Please email na17@illinois.edu for Zoom link.

Thursday, October 29, 2020

3:00 pm in Zoom,Thursday, October 29, 2020

Cyclic symmetry loci in Grassmannians

Chris Fraser   [email] (University of Minnesota)

Abstract: The Grassmannian admits an automorphism of finite order, the cyclic shift map. This map has finitely many fixed points, which were described by Steven Karp in a recent paper. We study the fixed-point set of any iterate of the cyclic shift map. These cyclic symmetry loci are typically positive-dimensional spaces. We give a simple geometric description of these loci, and of their totally nonnegative part.  We  describe an atlas of generalized cluster algebra charts on cyclic symmetry loci, whose clusters are efficient total positivity tests. These cluster algebras have connections with higher Teichmuller theory and with the category of representations of quantum affine algebras at roots of unity. Please email Colleen at cer2 (at) illinois (dot) edu for the Zoom ID and password.

Friday, October 30, 2020

1:00 pm in Zoom,Friday, October 30, 2020

Permutable Quasiregular maps

Athanasios Tsantaris   [email] (University of Nottingham - Math)
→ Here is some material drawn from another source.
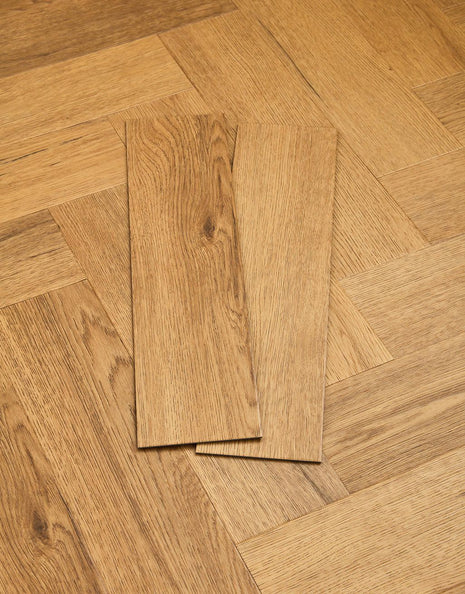 Asenso Signature Herringbone - Natural Honey Oak-SAMPLE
Abstract: Do commuting holomorphic maps have the same Julia set? This question was first asked by Fatou and Julia around 1920 in their attempts to classify commuting rational maps. For rational maps the answer is affirmative but for transcendental entire maps the question is still open. In this talk we will first discuss the progress to the problem for transcendental entire maps over the years and then we shall describe generalizations of those results in the setting of quasiregular maps which are higher dimensional analogues of holomorphic maps.
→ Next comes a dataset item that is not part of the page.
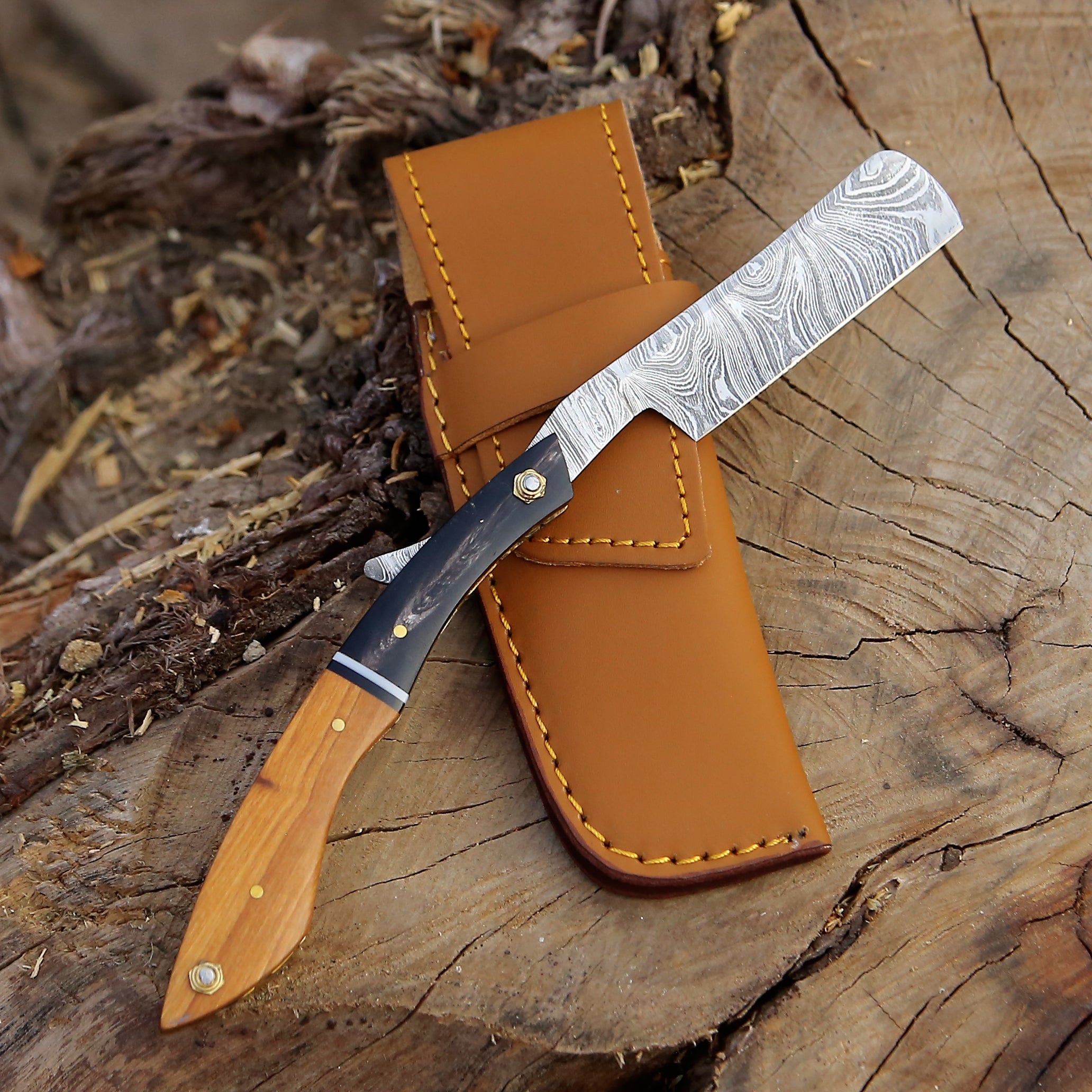 Luxury Damascus Steel Straight Razor - Classic Handcrafted Shaving Tool with Black Horn Olivewood Handle & Leather Pouch.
4:00 pm in Zoom (email ruiyuan at illinois for info),Friday, October 30, 2020

What generic automorphisms of the random poset look like

Dakota Thor Ihli (UIUC Math)

Abstract: The Fraïssé limit of the class of finite posets, also called the random poset, admits generic automorphisms — that is, its automorphism group admits a comeagre conjugacy class. This result, due to D. Kuske and J. Truss, was proven without explicitly describing the automorphisms in question. Here we give a new, concrete description of the generic automorphisms, and we discuss the tools-and-tricks involved.